Cela n’eſt pas ſurprenant ; car ce ſeroit une choſe honteuſe à un jeune homme comme lui, de faire un ſacrifice à Vénus, ou plutôt à la beauté, ſans répandre ſur la victime cette céleſte roſée avec abondance. Cette liqueur eſt comme la ſalive du V.. de l’homme ; elle eſt ſi remplie d’eſprits, qu’elle ſort avec véhemence, & eſt portée quelquefois à trois pieds de la perſonne dont elle part. Repréſente-toi donc, Octavie, l’excès du plaiſir que l’on reſſent, quand, après pluſieurs ſecouſſes & fréquentes agitations, cela vient à ſe décharger dans la matrice, & la remplit de cette divine ambroiſie. Ah ! cela cauſe un chatouillement & une ſi douce démangeaiſon de la partie, que nous en tombons en extaſe, nous en perdons l’uſage de nos ſens, & notre ame ſemble abandonner toutes ſes fonctions, pour goûter avec nous ou plutôt pour s’enivrer de l’excès de cette volupté. Ah ! Octavie, il n’y a point de terme qui puiſſe t’exprimer comme il faut, la nature de ce contentement.

Octavie.

Je ne me laſſerois jamais, ma Couſine, de vous entendre ; & votre entretien eſt ſi charmant, que je ſouhaite qu’Oronte ſoit ſouvent abſent, afin de trouver l’occaſion de paſſer de ſemblables nuits avec vous.

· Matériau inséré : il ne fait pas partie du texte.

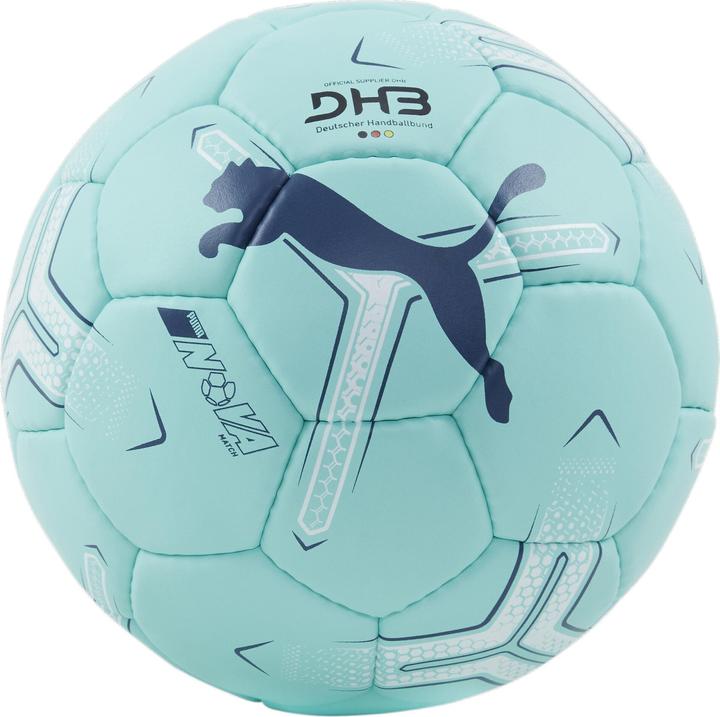 Image du produit Puma NOVA Match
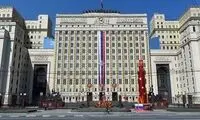 افشاگری تازه و خبرساز روسیه علیه آمریکا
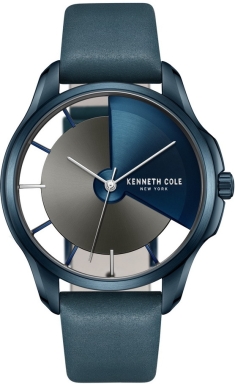 Наручные часы Kenneth Cole KCWGA0014902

Quoi, vous bâillez ?

Tullie.

Oui, mon enfant, je m’endors, & je ne puis plus réſiſter au ſommeil.

Octavie.

Continuons notre entretien ; pourquoi s’endormir ſi-tôt ? accordez cette grace à celle qui vous careſſe.

Tullie.

Tu ne ſais ce qui t’eſt néceſſaire, petite folle : tu as plus beſoin de repos que moi ; il faut que tu ſaches que la nuit prochaine tu ne trouveras pas le ſommeil dans les fureurs & les embraſſements de Pamphile : c’eſt pourquoi repoſe toi, afin de prendre des forces pour ſoutenir, en vraie fille de Vénus, tous les aſſauts qui te ſeront donnés.

Octavie.

Je ferai ce que tu voudras, mais plutôt pour te complaire que pour aucun intérêt que je prenne dans ma ſanté ; elle eſt, Dieu merci, aſſez bonne pour n’avoir pas beſoin de tous ces ménagements. Dors donc à préſent, je te promets de garder le ſilence.

Tullie.

Donne-moi un baiſer, mon cœur, auparavant que je ferme les yeux.

Octavie.

Prends, voilà ma bouche, mes levres & tout mon corps je le mets en ta puiſſance : contente-toi.

Tullie.

Ah ! baiſers capables de donner de la jalouſie aux Dieux ! ah ! que ces embraſſements ſont remplis de tendreſſe ! que ces attouchements ſont délicieux ! Permets-moi, ma petite femme, de dormir avec toi, comme Mars repoſoit avec Vénus : que je couvre d’une main cette partie ſi aimable & ce mont conſacré à l’amour ; que je touche de celle-ci ton derriere, & ces feſſes ſi blanches & ſi fermes. Voilà qui eſt bien, ne remue donc point. Auſſi-tôt que je ſerai éveillée, je te promets de continuer notre entretien. Dors, mon petit cœur.

Octavie.

Dors toi-même : tu es une étrange cauſeuſe ; tu veux repoſer, & tu ne ceſſes de faire la folle, & de badiner.